Just make sure you’ve upgraded your hard drive to an SSD.  There’s only so much speed you can get out of a computer with spinning disks.

7. Multiple Desktops

This is a power user feature and won’t be for everyone.

With multiple desktops you can have a set of applications running in one “desktop” and then another set running in a second “desktop”.  You can then flip between the two desktops when needed.  An example is separating programs to limit distractions.  Powerpoint, PDF documents, and Word could be open on one desktop to keep you focused, then you could flip back to another with Outlook, Skype, and your task list.

Or you could have all your work applications running on your Work desktop then during lunch flip to your personal desktop that has Facebook, an IM program, or other personal software.

8. File Explorer Quick Access

When you launch File Explorer it now presents you with a list of your frequently accessed folders and most recently accessed files.  This is a great way to pick back up where you left off and easily access your most used files.

This is a great addition to the jump lists that have already been available in prior versions of Windows.  If you didn’t know, right-clicking on a program in the taskbar presents you with a “Jump List” menu that presents the most recently accessed files that the program can open.  You can also pin your most frequently accessed files to this Jump List for the documents you edit frequently.

9. Cortana

Cortana is Microsoft’s Siri.  The name comes from the artificial intelligence in Microsoft’s Halo video game series.

You can use Cortana as a digital assistant to look up all kinds of internet-based information or ask to open up programs on your computer.  It can also search files on your computer by asking it things like “find Excel documents about project tasks”.

10. You’ll Have to Do It Someday

If you don’t go to a Mac or some other vendor, you’ll need to go to Windows 10 eventually.  Microsoft’s old operating systems are only supported for a limited time.  As we’ve seen with Windows XP, support eventually runs out and you’ll no longer get critical security updates.  Extended support, including critical security updates, is set to expire on January 14, 2020, for Windows 7 and January 10, 2023, for Windows 8.

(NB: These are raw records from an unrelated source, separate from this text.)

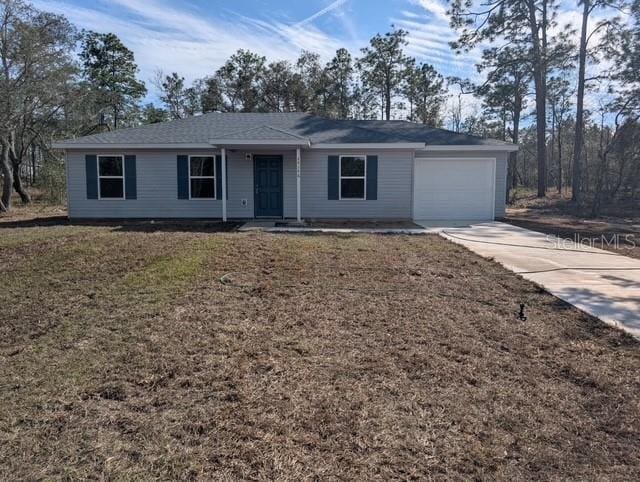 ranch-style house with a front yard, an attached garage, and driveway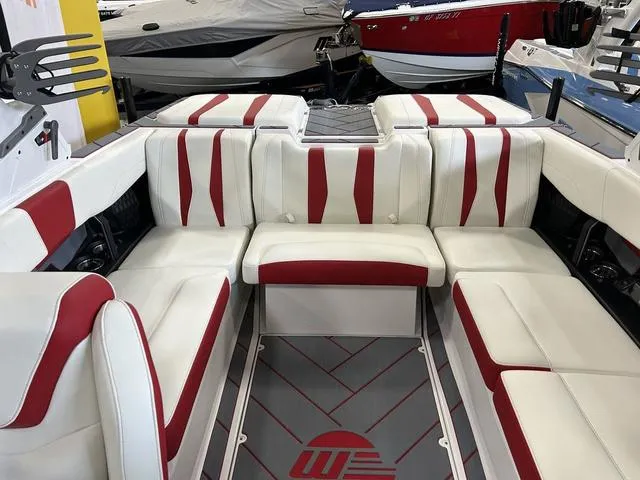 Slide: The Image of 2024 Malibu 22 LSV boat interior with white and red seating. - 3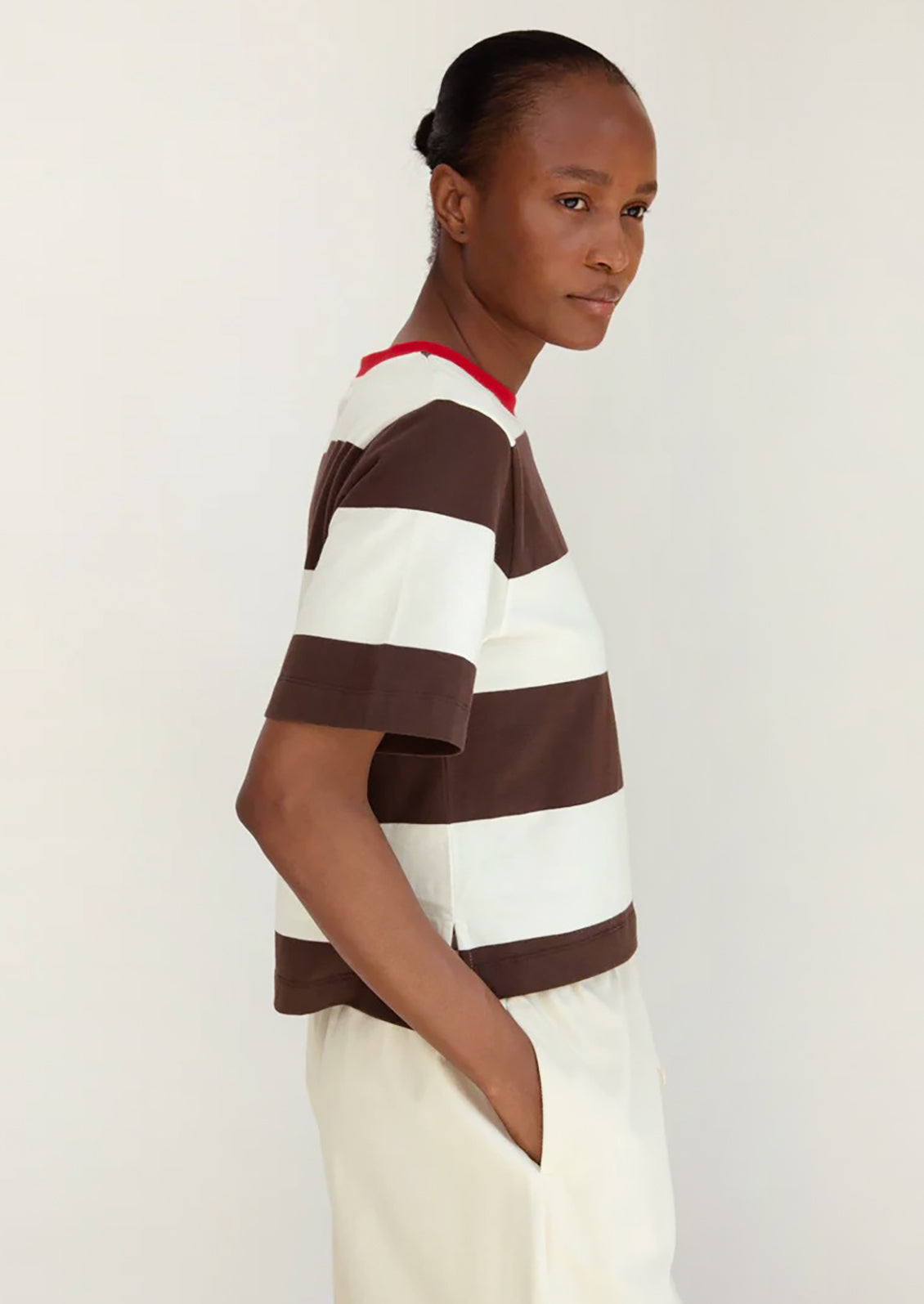 Person wearing a brown and white striped shirt against a plain background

If what Microsoft says regarding the permanence of Windows 10 is true, it will be the last major operating system upgrade you’ll have to do and you’ll need to move to it at some point.

Bottom Line

Our recommendation is to wait on Windows 10 until at least 2016 to give Microsoft time to fix any initial bugs found in the operating system.  The traditional advice has been to wait for the first service pack with all new major operating systems.  Since the days of service packs are probably behind us, the equivalent amount of time to patch bugs should be given.

Starting in 2016, there will be a few reasons not to upgrade to Windows 10 and a lot of reasons to do so while making sure your business doesn’t fall behind in technology.